**Exercise objective**
Taking the entries below, transcribe only the lines starting with the one with "Pleasure boat on Echo Lake, Saskatchewan, Canada View" and going on through the one with "Parceiro de vamos", exactly as written, without the pictures.

Captioned web image data:
────────────────

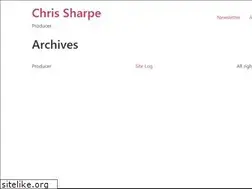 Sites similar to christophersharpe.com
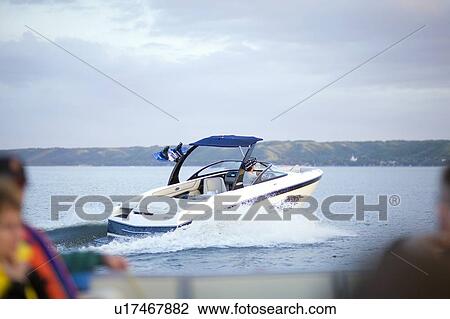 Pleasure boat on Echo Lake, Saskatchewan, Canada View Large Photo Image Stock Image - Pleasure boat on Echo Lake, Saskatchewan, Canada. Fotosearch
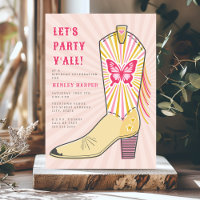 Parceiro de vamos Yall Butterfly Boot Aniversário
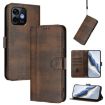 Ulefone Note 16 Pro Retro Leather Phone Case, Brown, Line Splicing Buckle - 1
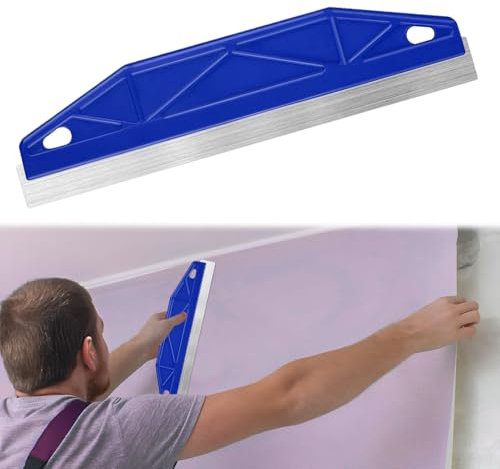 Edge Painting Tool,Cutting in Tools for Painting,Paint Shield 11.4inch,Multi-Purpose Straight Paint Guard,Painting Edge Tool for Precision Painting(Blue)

────────────────

**Exercise solution**
 Pleasure boat on Echo Lake, Saskatchewan, Canada View Large Photo Image Stock Image - Pleasure boat on Echo Lake, Saskatchewan, Canada. Fotosearch
 Parceiro de vamos Yall Butterfly Boot Aniversário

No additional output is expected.